Risenhoover separately filed a 276-page case in the U.S. Ninth Circuit Court of Appeals over what he described as America’s unfair treatment of the CNMI’s indigenous people — Chamorro and Carolinian.
Local radio talk show host Glenn H. Manglona, in an e-mail said the lawsuit was filed on behalf of the National Chamorro Association of the Mariana Islands, of which he is the president.
In his 24-page petition to the ICJ, Risenhoover said the Covenant was meant to preserve the native Indian nationality of the indigenous people but the Covenant negotiators failed to explain this clearly, thus, “no one in the CNMI appears to have elected to remain an Indian under the Covenant.”
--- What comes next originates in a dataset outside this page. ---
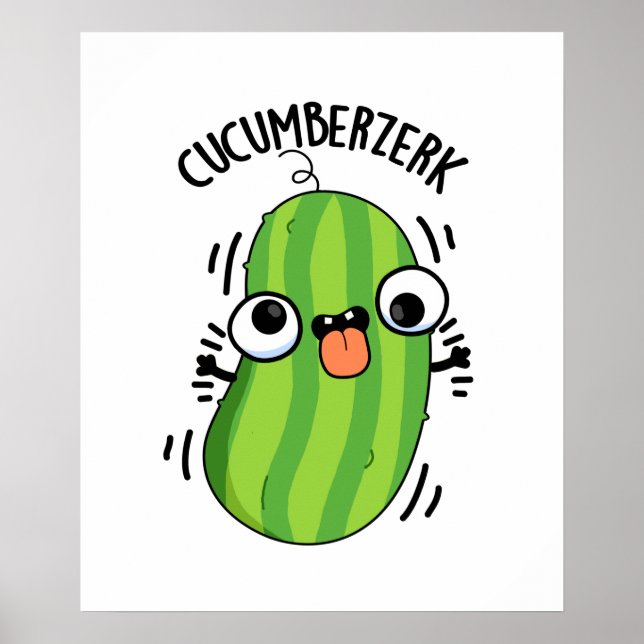 Poster Cucumberzerk Funny Berzerk Cucumber Pun (Frente)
“The Covenant’s nationality provisions therefore extinguished the traditional Indian nationality of the Chamorros and Carolinian islanders in the Northern Mariana Islands, an act of genocide by the U.S. for which this court should order restoration of our native Indian nationality,” Risenhoover said.
He said the recent federalization of local immigration inflicted further harm on the indigenous people of the CNMI as the islands’ self-government became “meaningless.”
He also believes that CNMI, Puerto Rico and Guam, which are all part of the U.S., should be allowed to join the U.N. as freely associated states.